In my experience, the parser definitely needs to be a library, but I'm not sure ...

ddevault · on Dec 29, 2018

Thanks for sharing your insights!

>There are a few places in POSIX where the parser has to be invoked recursively

In your examples, we have the runtime invoke the parser as necessary. The parser doesn't know about the runtime. For alias resolution, we have a callback function, which hooks into the runtime but is pretty thin and abstract.

>For history expansion

Thankfully, this is non-POSIX so mrsh doesn't have to worry about it.

>one problem is that the shell inherently modifies global process state [...] i.e. my definition of library is that you can make instantiate multiple instances of it with different parameters

My definition doesn't line up with yours. My definition is a shared object or static archive and a bunch of headers with an API you can link to instead of implementing something yourself.

chubot · on Dec 29, 2018

Are you parsing command subs at runtime too? Bash does that [1], but I believe it's a bad idea. dash, mksh, and zsh seem to do it "the right way", although none of them statically parses as much as OSH.

IIRC a case that really seals the deal is:

    $ echo $(case x in x) echo foo;; esac)
    foo

How do you find the closing paren? You basically have to parse shell, so you might as well do that at parse time rather than runtime. There's a section in the aosabook bash chapter that talks about that.

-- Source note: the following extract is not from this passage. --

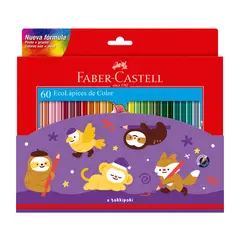 FABER CASTELL - Colores Faber Castell Ecológicos Empaque 60 Und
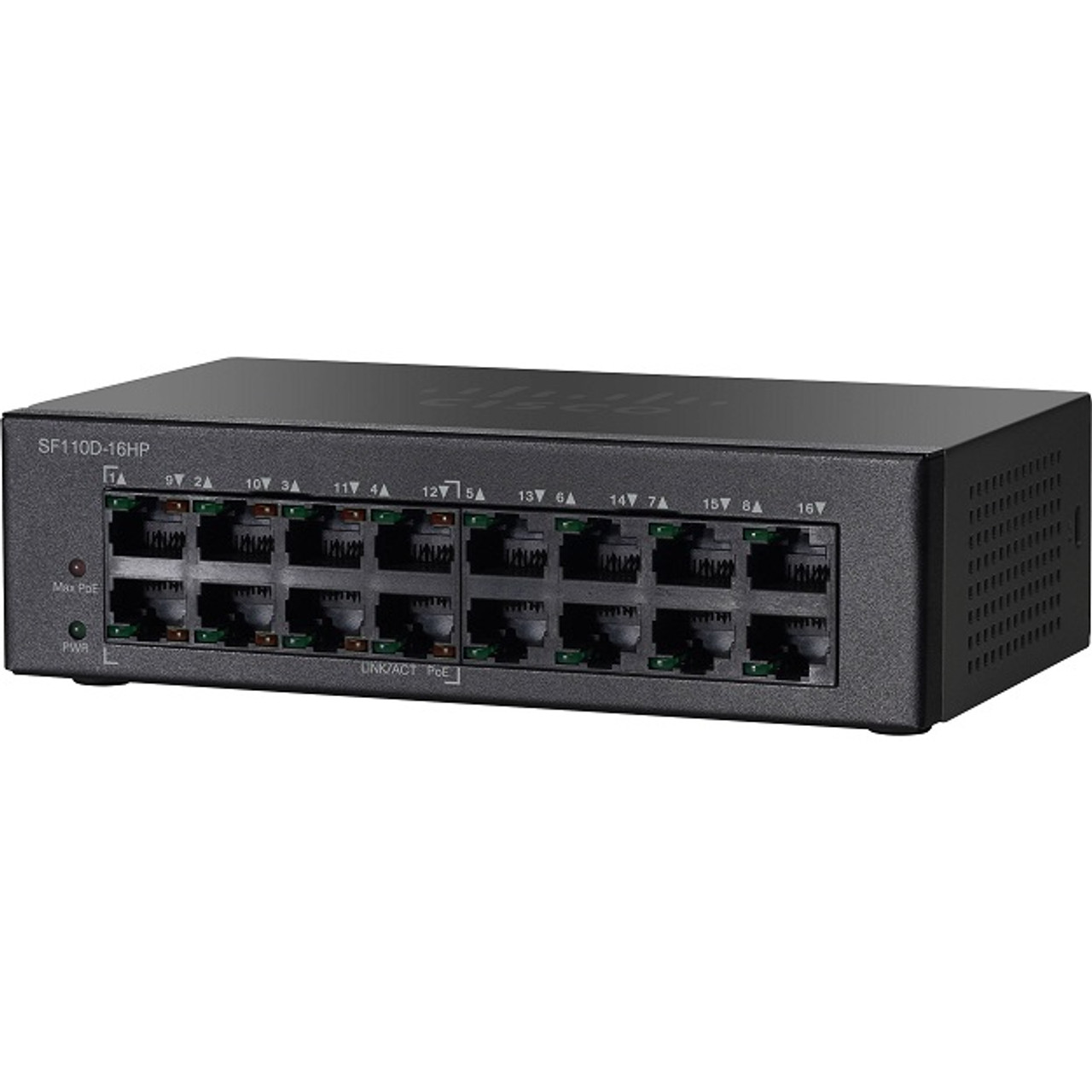 CISCO SF110D-16HP 16-port 10/100 Poe Desktop Switch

In other words, bash has had parsing bugs with PAREN MATCHING for 20 years (I have a case in my suite that was fixed between bash 4.3 and 4.4). If you just statically parse then you can get it right all on the first try.

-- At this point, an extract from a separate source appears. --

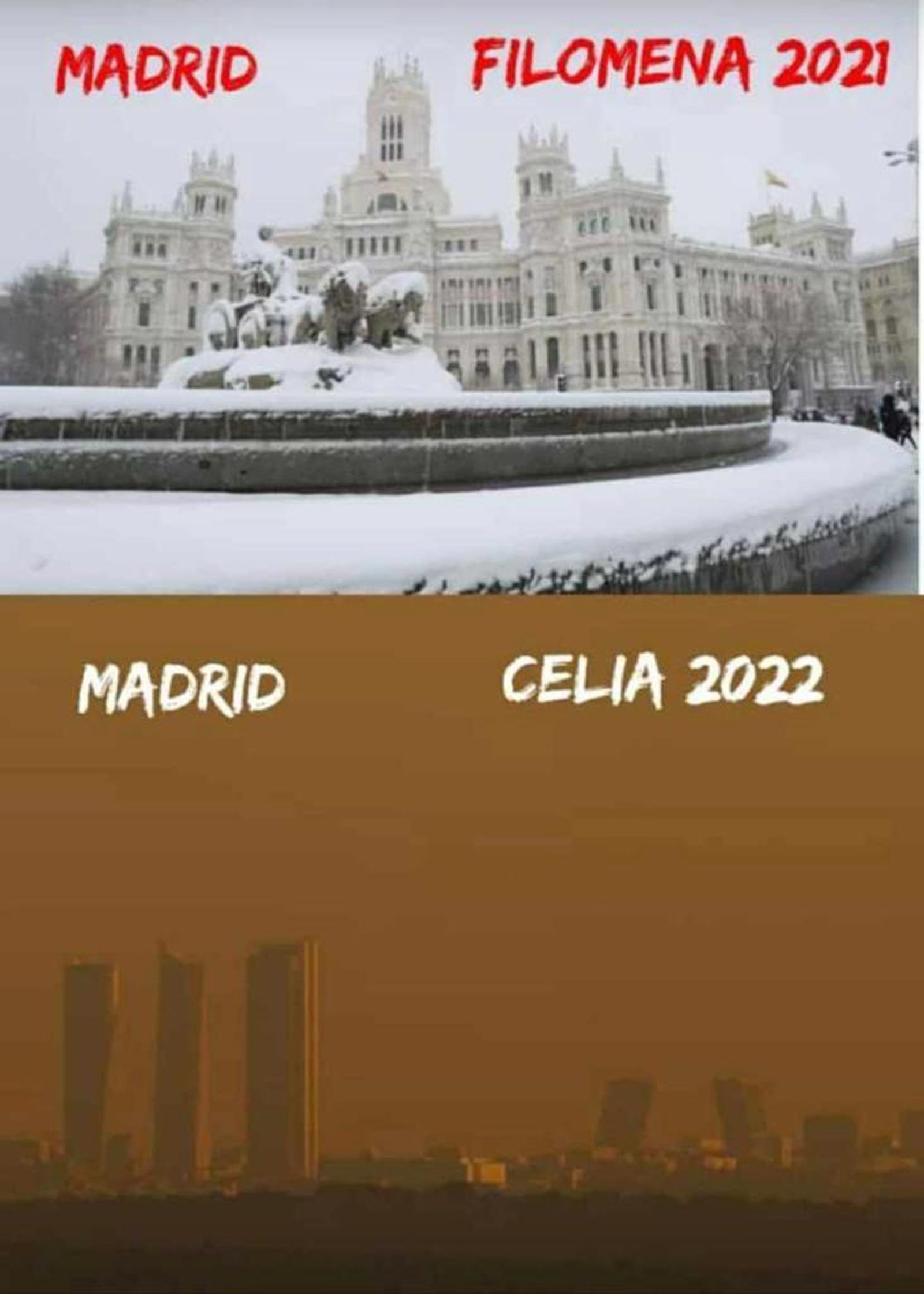 Meme sobra la calima en Madrid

It can get arbitrarily complicated, you can add a subshell and nested command subs in there too, etc.:

    $ echo $( ( case x in $(echo x)) echo foo;; esac) )
    foo

Bash syntax makes it worse, but this problem appears in POSIX sh too.

[1] http://www.oilshell.org/blog/2016/10/13.html

ddevault · on Dec 29, 2018

    ~/s/m/build > cat test.sh
    #!/bin/sh
    echo $(case x in x) echo foo;; esac)
    ~/s/m/build > mrsh -n test.sh
    program
    program
    └─command_list ─ pipeline
      └─simple_command
        ├─name ─ word_string [2:1 → 2:5] echo
        └─argument 1 ─ word_command ─ program
          └─command_list ─ pipeline
            └─case_clause
              ├─word ─ word_string [2:13 → 2:14] x
              └─items
                └─case_item
                  ├─patterns
                  │ └─word_string [2:18 → 2:19] x
                  └─body
                    └─command_list ─ pipeline
                      └─simple_command
                        ├─name ─ word_string [2:21 → 2:25] echo
                        └─argument 1 ─ word_string [2:26 → 2:29] foo

chubot · on Dec 29, 2018

OK it looks like mrsh is parsing command subs at parse time, which is good! bash doesn't do that.